__Dataset excerpts__:
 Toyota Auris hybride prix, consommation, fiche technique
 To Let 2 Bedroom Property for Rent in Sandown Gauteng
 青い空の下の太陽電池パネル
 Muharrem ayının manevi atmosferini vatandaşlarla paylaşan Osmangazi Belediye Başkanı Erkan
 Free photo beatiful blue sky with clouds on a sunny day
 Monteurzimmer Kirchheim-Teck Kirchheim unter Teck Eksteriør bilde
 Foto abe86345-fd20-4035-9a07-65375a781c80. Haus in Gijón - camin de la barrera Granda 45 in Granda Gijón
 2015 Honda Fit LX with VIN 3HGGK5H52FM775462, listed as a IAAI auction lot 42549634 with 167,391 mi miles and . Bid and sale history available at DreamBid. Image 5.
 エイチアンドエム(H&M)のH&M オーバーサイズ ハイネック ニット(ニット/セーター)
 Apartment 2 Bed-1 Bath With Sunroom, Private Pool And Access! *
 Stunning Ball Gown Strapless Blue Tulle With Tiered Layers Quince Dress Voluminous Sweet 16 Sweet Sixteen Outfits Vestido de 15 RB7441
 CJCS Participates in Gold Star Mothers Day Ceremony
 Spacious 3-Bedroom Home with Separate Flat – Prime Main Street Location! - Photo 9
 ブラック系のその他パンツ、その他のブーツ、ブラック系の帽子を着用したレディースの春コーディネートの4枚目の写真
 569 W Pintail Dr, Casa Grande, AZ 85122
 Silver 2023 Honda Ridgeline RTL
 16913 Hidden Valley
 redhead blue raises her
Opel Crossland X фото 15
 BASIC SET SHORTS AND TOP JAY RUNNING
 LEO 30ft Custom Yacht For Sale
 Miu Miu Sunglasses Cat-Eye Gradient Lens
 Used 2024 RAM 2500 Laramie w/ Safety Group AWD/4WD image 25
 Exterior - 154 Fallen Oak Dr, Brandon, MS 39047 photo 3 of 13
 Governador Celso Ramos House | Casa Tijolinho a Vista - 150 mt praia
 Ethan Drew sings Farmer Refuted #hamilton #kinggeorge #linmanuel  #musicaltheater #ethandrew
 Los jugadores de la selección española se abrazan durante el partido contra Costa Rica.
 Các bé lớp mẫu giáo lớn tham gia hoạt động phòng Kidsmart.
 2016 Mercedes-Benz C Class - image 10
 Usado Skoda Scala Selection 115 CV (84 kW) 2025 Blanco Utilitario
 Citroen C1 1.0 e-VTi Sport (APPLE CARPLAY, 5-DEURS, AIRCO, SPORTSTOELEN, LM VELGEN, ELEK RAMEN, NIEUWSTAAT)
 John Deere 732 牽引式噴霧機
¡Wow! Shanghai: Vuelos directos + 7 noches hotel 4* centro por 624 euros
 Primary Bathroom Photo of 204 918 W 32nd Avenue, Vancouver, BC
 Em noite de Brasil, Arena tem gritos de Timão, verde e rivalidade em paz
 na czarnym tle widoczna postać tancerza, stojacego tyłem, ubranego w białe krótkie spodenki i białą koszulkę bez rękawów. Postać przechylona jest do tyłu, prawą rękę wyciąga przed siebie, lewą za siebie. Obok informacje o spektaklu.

__Problem__: Above are the records. Copy the lines beginning at the one that has "Monteurzimmer Kirchheim-Teck Kirchheim" and ending with the one that has "Used 2024 RAM", unchanged.

__Output for this task__:
 Monteurzimmer Kirchheim-Teck Kirchheim unter Teck Eksteriør bilde
 Foto abe86345-fd20-4035-9a07-65375a781c80. Haus in Gijón - camin de la barrera Granda 45 in Granda Gijón
 2015 Honda Fit LX with VIN 3HGGK5H52FM775462, listed as a IAAI auction lot 42549634 with 167,391 mi miles and . Bid and sale history available at DreamBid. Image 5.
 エイチアンドエム(H&M)のH&M オーバーサイズ ハイネック ニット(ニット/セーター)
 Apartment 2 Bed-1 Bath With Sunroom, Private Pool And Access! *
 Stunning Ball Gown Strapless Blue Tulle With Tiered Layers Quince Dress Voluminous Sweet 16 Sweet Sixteen Outfits Vestido de 15 RB7441
 CJCS Participates in Gold Star Mothers Day Ceremony
 Spacious 3-Bedroom Home with Separate Flat – Prime Main Street Location! - Photo 9
 ブラック系のその他パンツ、その他のブーツ、ブラック系の帽子を着用したレディースの春コーディネートの4枚目の写真
 569 W Pintail Dr, Casa Grande, AZ 85122
 Silver 2023 Honda Ridgeline RTL
 16913 Hidden Valley
 redhead blue raises her
Opel Crossland X фото 15
 BASIC SET SHORTS AND TOP JAY RUNNING
 LEO 30ft Custom Yacht For Sale
 Miu Miu Sunglasses Cat-Eye Gradient Lens
 Used 2024 RAM 2500 Laramie w/ Safety Group AWD/4WD image 25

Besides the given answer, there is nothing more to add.